* **ASSIGNMENT**:
Show each line from the records below in which the word "table" occurs.

*** Opening of ENTRIES SUPPLIED ***

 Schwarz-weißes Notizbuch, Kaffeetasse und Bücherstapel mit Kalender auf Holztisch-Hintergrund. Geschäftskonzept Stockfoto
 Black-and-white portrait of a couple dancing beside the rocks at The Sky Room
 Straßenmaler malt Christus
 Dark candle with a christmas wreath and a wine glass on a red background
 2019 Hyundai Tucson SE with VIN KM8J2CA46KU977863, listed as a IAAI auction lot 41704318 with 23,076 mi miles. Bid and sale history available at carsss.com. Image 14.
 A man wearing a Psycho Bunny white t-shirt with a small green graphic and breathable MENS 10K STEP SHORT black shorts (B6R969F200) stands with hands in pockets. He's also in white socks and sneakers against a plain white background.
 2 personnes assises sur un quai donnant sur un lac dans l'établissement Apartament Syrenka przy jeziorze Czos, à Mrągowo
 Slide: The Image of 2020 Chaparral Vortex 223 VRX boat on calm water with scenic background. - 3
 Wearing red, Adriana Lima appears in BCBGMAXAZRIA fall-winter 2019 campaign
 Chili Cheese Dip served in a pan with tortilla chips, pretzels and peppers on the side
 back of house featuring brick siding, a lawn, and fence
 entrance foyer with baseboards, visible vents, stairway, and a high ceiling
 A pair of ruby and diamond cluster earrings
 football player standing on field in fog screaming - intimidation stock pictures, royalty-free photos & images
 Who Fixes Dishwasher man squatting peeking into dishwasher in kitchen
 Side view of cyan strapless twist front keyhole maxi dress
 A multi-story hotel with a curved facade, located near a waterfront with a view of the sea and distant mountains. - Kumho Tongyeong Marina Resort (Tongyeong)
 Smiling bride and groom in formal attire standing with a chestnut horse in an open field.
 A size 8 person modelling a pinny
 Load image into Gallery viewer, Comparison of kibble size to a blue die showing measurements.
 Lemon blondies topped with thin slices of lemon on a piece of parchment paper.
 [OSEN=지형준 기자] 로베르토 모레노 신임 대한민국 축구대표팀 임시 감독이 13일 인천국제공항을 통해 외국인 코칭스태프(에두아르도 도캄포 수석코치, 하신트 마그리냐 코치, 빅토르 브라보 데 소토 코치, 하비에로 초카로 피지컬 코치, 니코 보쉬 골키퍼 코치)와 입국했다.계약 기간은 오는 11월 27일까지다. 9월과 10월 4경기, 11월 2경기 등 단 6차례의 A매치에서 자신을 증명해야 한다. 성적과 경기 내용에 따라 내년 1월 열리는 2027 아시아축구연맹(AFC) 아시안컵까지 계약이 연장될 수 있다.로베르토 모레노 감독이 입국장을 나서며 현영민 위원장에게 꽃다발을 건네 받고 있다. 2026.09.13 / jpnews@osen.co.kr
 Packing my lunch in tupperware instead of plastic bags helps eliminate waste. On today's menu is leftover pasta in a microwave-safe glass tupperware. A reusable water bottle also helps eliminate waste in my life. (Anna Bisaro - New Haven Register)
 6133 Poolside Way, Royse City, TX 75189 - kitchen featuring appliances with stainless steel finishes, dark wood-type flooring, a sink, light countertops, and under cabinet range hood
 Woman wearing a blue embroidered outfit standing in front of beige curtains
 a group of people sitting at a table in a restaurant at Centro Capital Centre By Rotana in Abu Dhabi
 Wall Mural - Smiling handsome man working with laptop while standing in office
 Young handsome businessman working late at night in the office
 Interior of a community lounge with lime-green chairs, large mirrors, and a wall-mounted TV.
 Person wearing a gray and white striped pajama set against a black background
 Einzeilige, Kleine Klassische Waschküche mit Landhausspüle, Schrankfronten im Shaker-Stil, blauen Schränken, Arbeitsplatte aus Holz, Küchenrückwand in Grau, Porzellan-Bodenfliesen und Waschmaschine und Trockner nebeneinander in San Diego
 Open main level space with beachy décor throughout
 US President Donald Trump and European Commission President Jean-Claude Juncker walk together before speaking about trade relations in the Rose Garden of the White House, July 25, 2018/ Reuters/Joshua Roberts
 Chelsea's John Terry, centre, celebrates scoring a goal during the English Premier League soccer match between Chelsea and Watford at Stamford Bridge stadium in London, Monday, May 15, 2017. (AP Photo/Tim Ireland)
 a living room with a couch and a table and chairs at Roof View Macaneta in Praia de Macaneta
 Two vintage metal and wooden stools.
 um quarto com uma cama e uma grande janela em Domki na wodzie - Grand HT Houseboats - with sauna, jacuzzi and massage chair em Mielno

*** Close of ENTRIES SUPPLIED ***

* **WRITTEN REPLY**:
 a group of people sitting at a table in a restaurant at Centro Capital Centre By Rotana in Abu Dhabi
 a living room with a couch and a table and chairs at Roof View Macaneta in Praia de Macaneta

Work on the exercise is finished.